-
Notifications
You must be signed in to change notification settings - Fork 86
Description
We came across this problem during the updated ConvertToPlanarRGB tests.
Theoretically, the ConvertBits in this script is a NOP instruction, since nno bit depth conversion is performed.
However, if it calls GetFrame(0) in its constructor for frame-property detection, serious slowdown happens. When I removed the constructor-initiated GetFrame(0), it went back to normal speed. As a sidenote: ConvertToPlanarRGB is calling a similar GetFrame(0) but this has no slowing effect.
Blankclip(60000,width=1600, height=1600, pixel_type="YUV444P8")
ConvertToPlanarRGB(bits=8)
ConvertBits(8) # tested with and without this line.
The applied bits matched the whole flow: 8, 16 and 32 were used.
Benchmarks suggested that memory-cache size might also be involved in the problem. (<1% differences are only measurement errors: Avsmeter64 was used to get the fps data.)
# X,Y: Without-ConvertBits(n), With-ConvertBits(n) [fps]. ConvertBits constructor calls GetFrame(0)
# size: 400x400 600x600 800x800 1200x1200 1600x1600 2000x2000
# 8 bits 27376,27000 13200,13100 7600,7600 3351,3280 1720,1509 837,795
# 16 bits 24000,24000 11235,11200 6600,6100 1854,1420 671,599 380,353
# float 13900,14000 6300,5900 2600,1800 626, 545 285,270 178,171
Blank clip is single frame, and is generated once, then it goes into cache and remains there. Checked, true, we always get the very same single memory address for that precalculated frame. (BlankClip/Colorbars, all the same).
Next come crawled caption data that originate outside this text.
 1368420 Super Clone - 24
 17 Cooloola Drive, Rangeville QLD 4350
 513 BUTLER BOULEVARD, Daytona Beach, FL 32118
The in-constructor call GetFrame(0) is a usual way for obtaining clip-wide properties such as color matrix, full/limited/narrow range setting, etc.., assuming that such properties in frame #0 won't change across the whole clip. So the precalculations and the dispatched functions can be chosen once, during the filter instance creation.
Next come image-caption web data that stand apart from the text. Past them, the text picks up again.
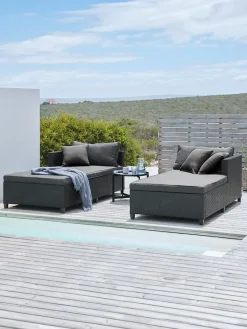 Muebles De Jardín|Tumbonas><noscript><img width=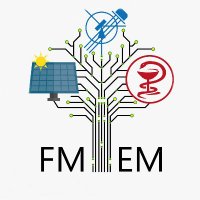 FMEM Lab (@fmeml) 's Twitter Profile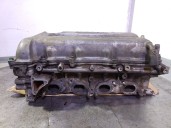 Recambio de culata para nissan primera (p11) 2.0 16v referencia OEM IAM 110402F200 110402F210 132642F2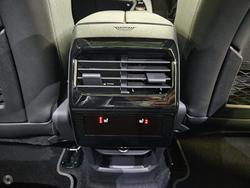 2024 Peugeot 3008 GT Premium Hybrid P64 MY25 Obsession Blue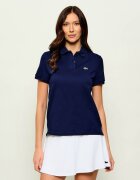 Lacoste Polo | Regular Fit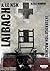 Laibach : The Interrogation Machine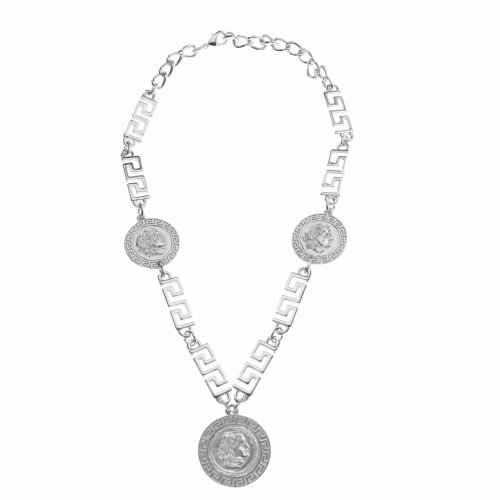 Coin necklace (C15/TGU/13AG) - 71326-modified.jpg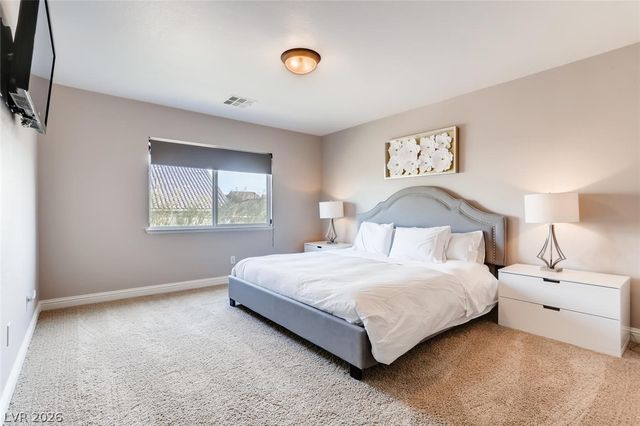 8112 Deerfield Ranch Court, Las Vegas, NV 89139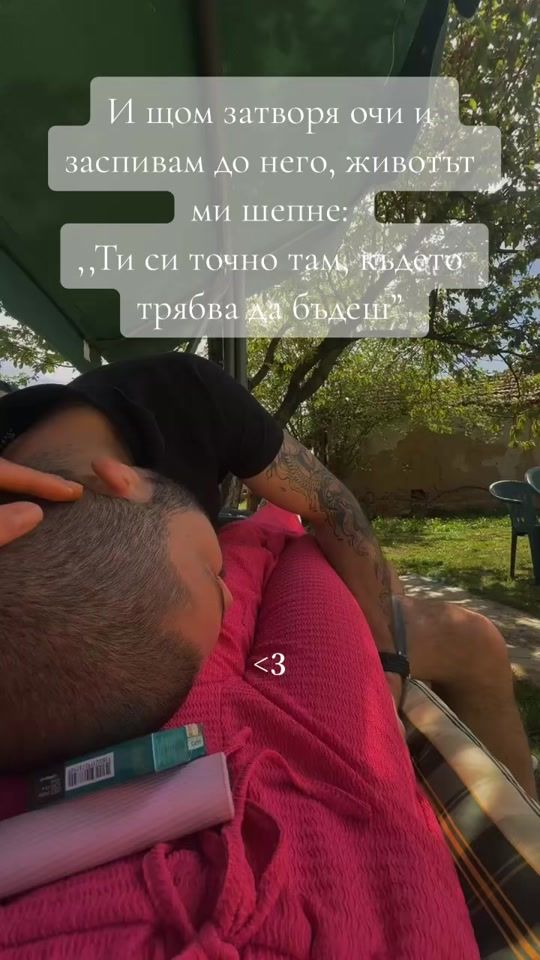 TikTok video thumbnail by nikolsy.s20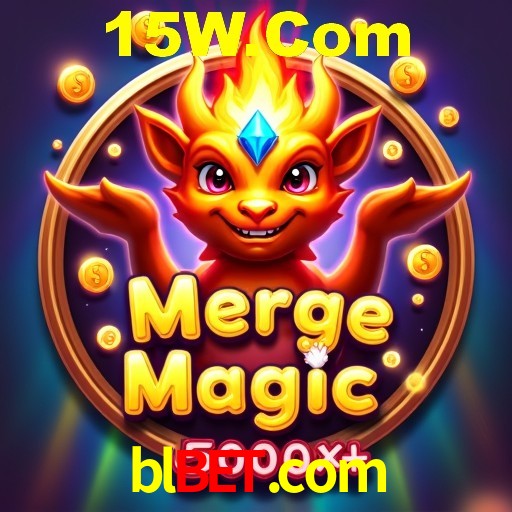 Torneios blbet.com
Who is the culprit? Avisynth frame caching system? Or unfortunate memory layout? Memory? Mutexes waiting for each other?
Bad frame physical addresses? I read about that the cache lines and the address lookup and translation may depend on magic boundaries in processors. Logged the read and write pointers of ConvertToPlanarRGB for the different runs. But some thousand runs (automated, logged and analyzed) did not strengthen this possible reason.
At this point the free AI access was over :) Quickly subscribed my first AI month :)
I was adviced that what if I try GetFrame(100)? And yes, the slowdown was immediately over.
Reverted back to GetFrame(0) and after another advice I logged the first couple GetReadPtr and GetWritePtr pointers in ConvertToPlanarRGB and looked at it - this time within the same session. For the quick case (without ConvertBits) all addresses were the same. In the the slow cases the GetWritePtr pointers were altering between two addresses. And when ConvertBits's GetFrame(0) was removed, the addresses became identical again.
Those addresses came from env->NewVideoFrame, which in turn obtains the addresses from the buffer-reusing-helper, a so called Frame Registry.
Allocations based on Frame Registry are fast, really they are mostly not allocations. Frame Registry mechanism avoids OS re-allocations by giving back an unused (reference count = 0) frame/video frame buffer. Unused frames and buffer do not get freed up immediately, only in case of lack-of-memory.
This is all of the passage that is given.